Start of Block
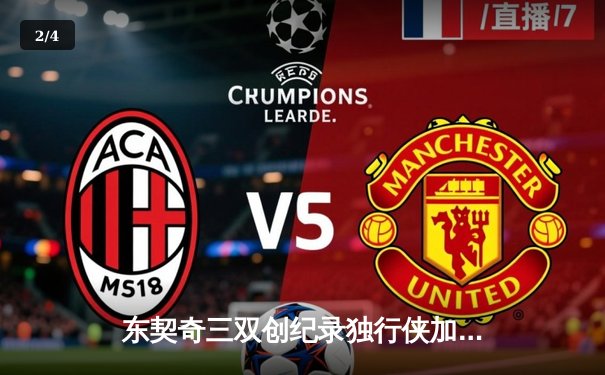 东契奇三双创纪录独行侠加时险胜雷霆，NBA季后赛再现史诗级对决 - 2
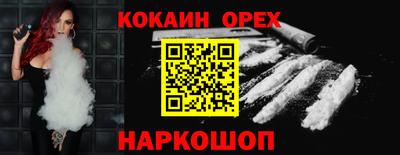 метадон Абинск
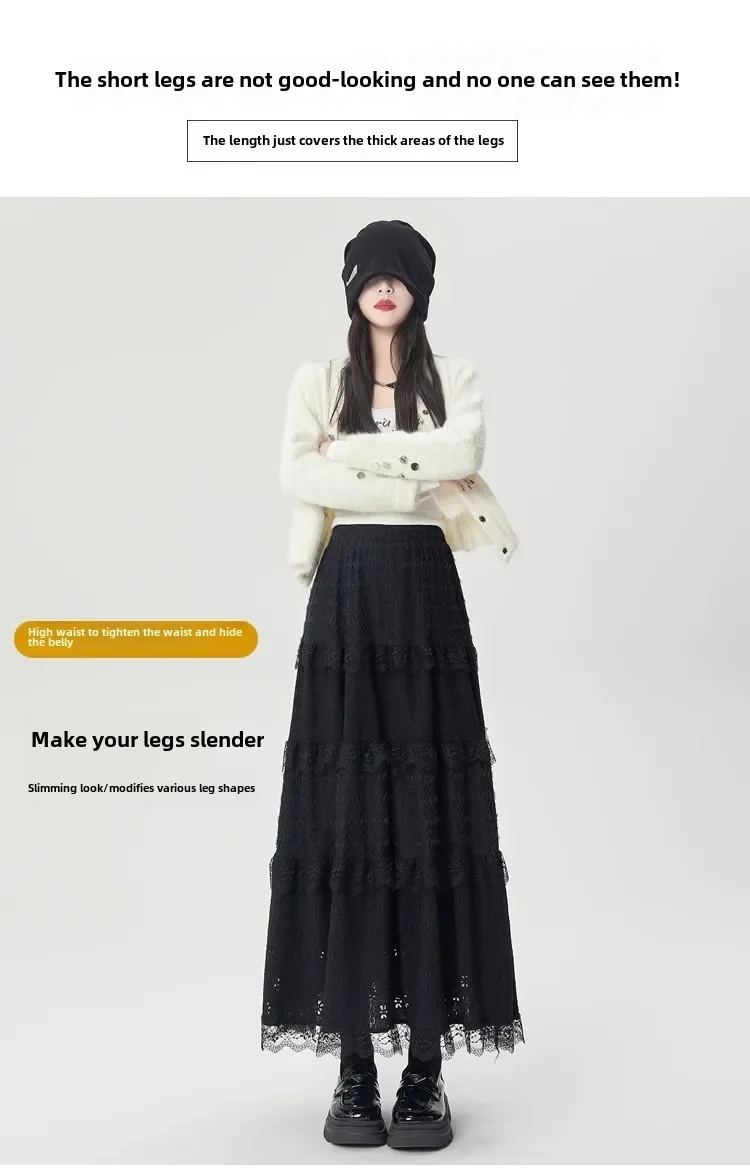 Gentle Wind High Waist A-Line Lace Splicing Long Skirt Women's Fairy Tale Cake Skirt Mid-Length Midi Skirt for Autumn Winter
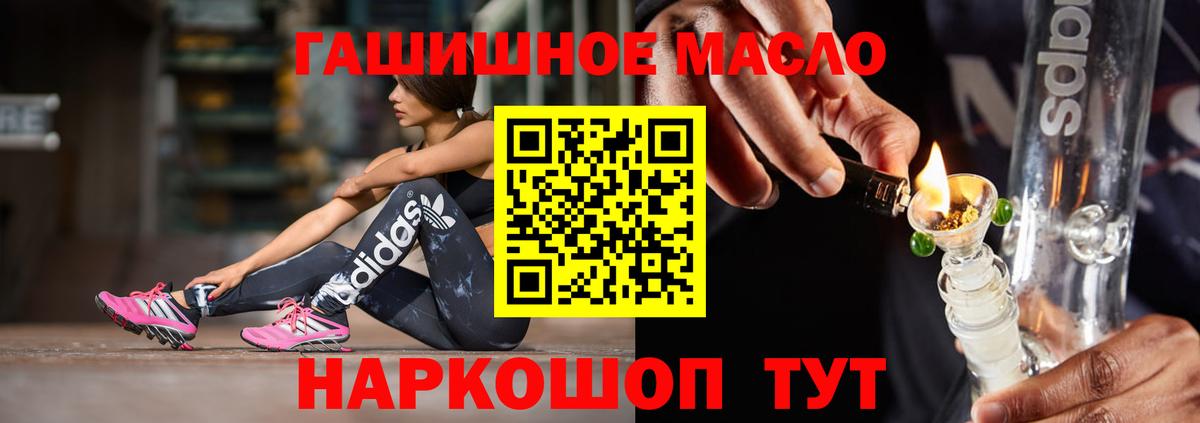 Дистиллят ТГК Wax Камышлов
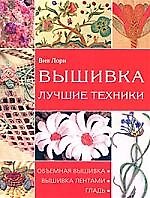 Вышивка. Лучшие техники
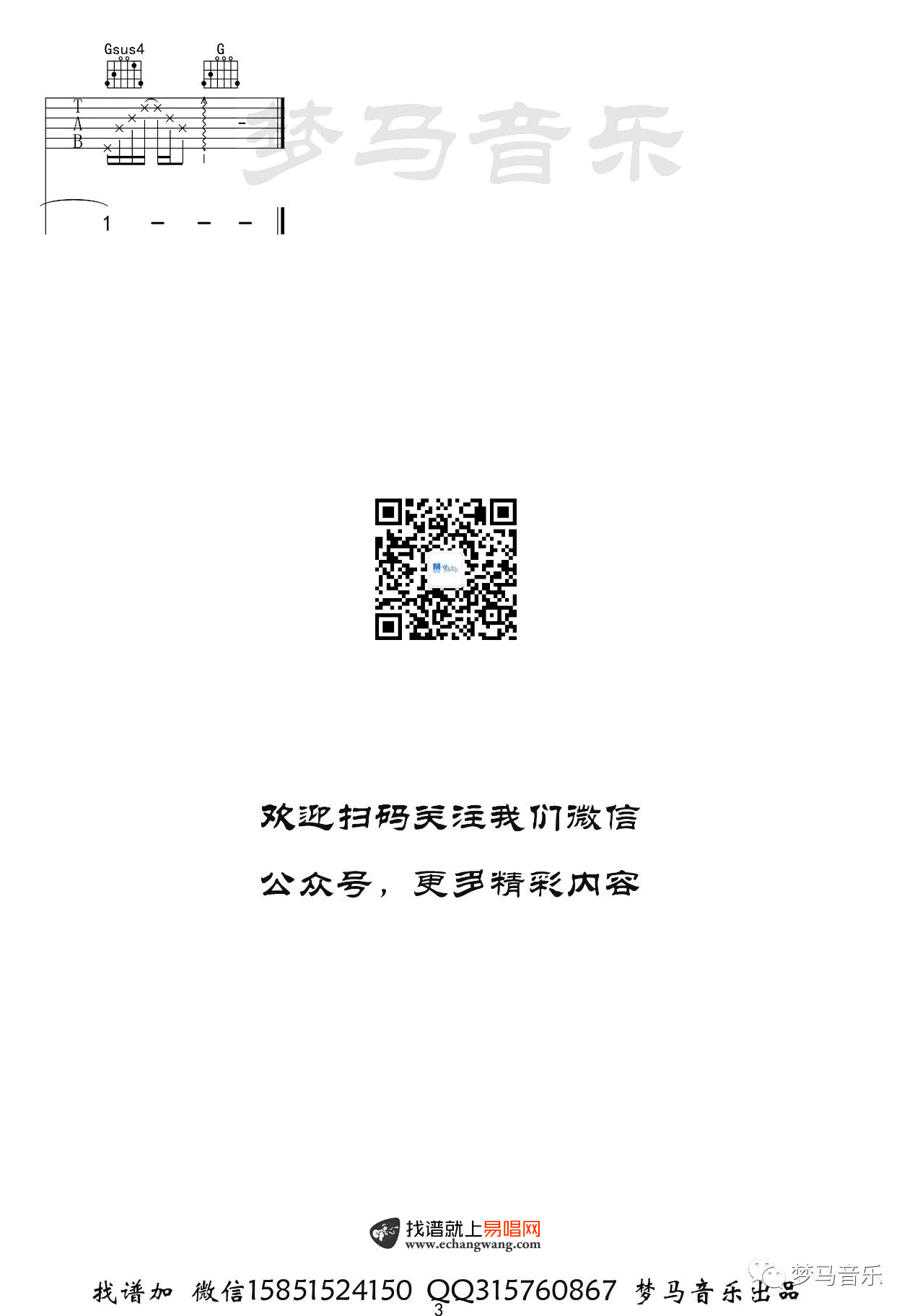 任然_凉城_吉他谱_任然_吉他图片谱_高清
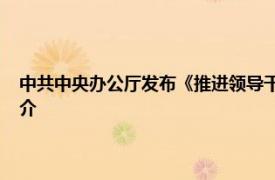 中共中央办公厅发布《推进领导干部能上能下若干规定 试行》相关内容简介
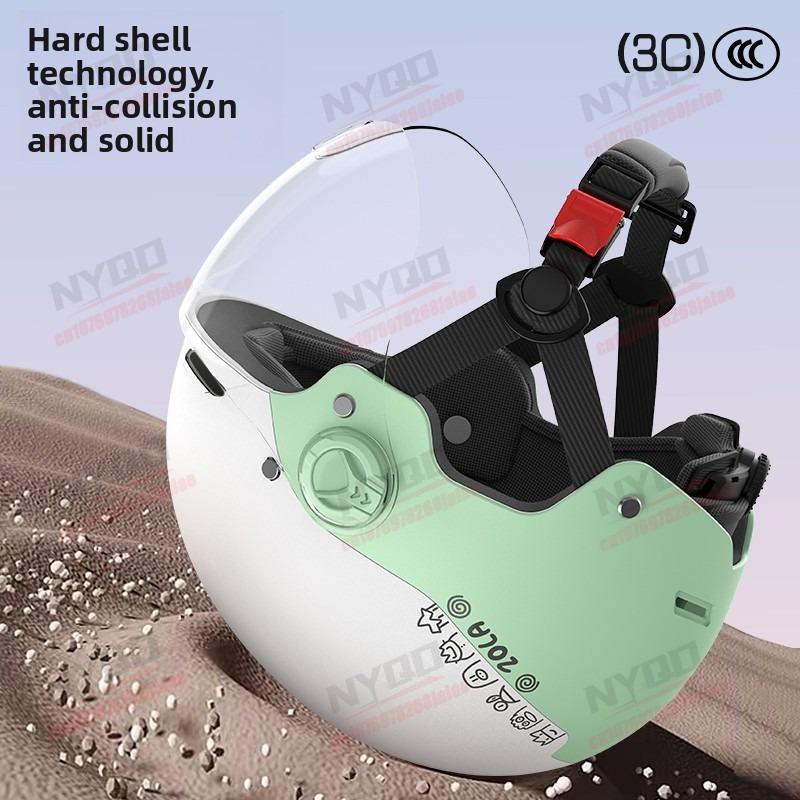 Motorcycle Children's Helmet 54-63CM Electric Bicycle Scooter Half Helmet Boys and Girls All Season Universal Safety Helmet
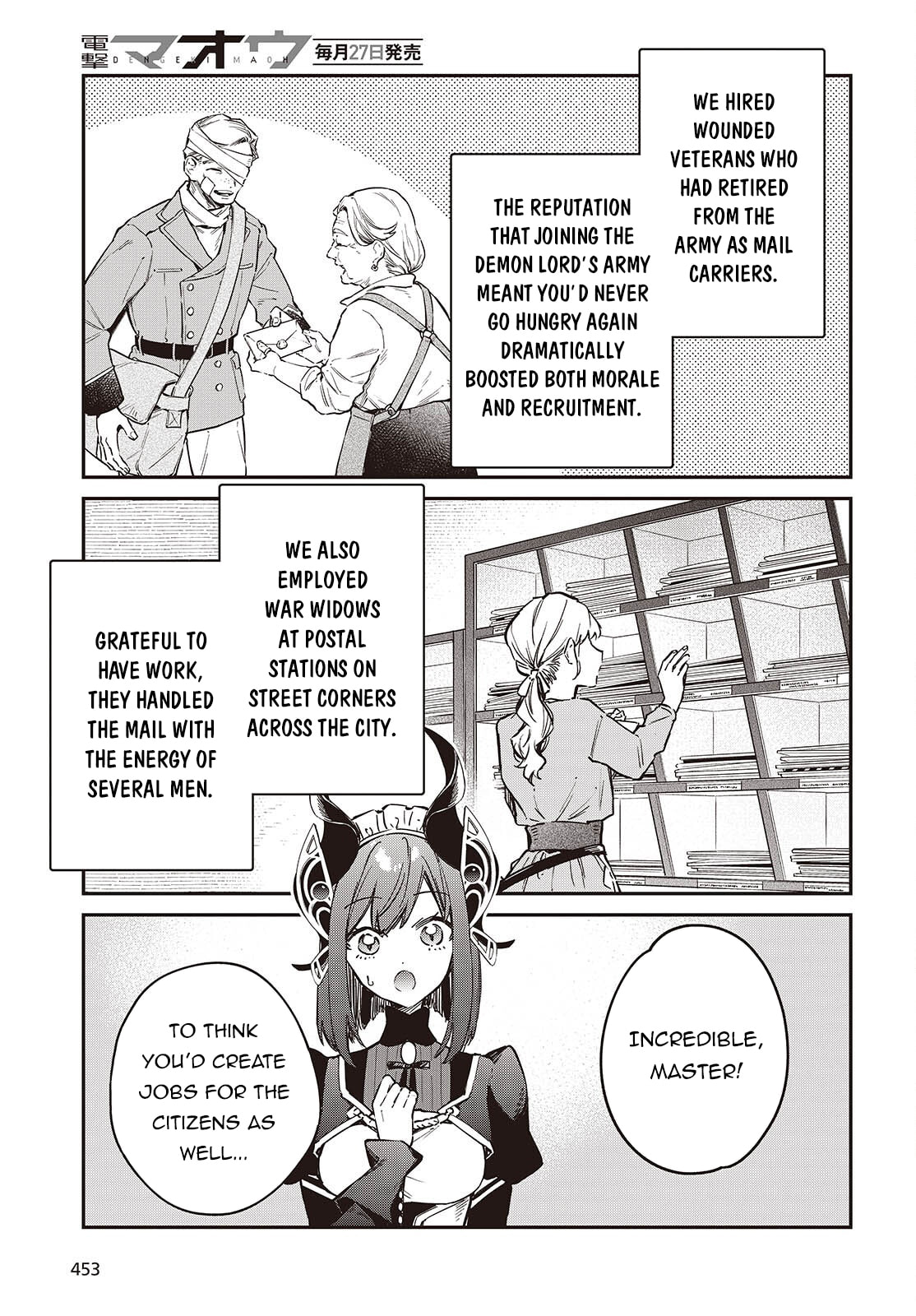 The Reformation of the World as Overseen by a Realist Demon King Chapter 77 page 20 -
End of Block
## DIRECTIONS FOR THIS TASK
What is needed is an exact copy of the lines from the line with "Дистиллят ТГК Wax Камышлов" to the end of the data above, both included, without any pictures.

## TASK RESULT
 Дистиллят ТГК Wax Камышлов
 Вышивка. Лучшие техники
 任然_凉城_吉他谱_任然_吉他图片谱_高清
 中共中央办公厅发布《推进领导干部能上能下若干规定 试行》相关内容简介
 Motorcycle Children's Helmet 54-63CM Electric Bicycle Scooter Half Helmet Boys and Girls All Season Universal Safety Helmet
 The Reformation of the World as Overseen by a Realist Demon King Chapter 77 page 20 -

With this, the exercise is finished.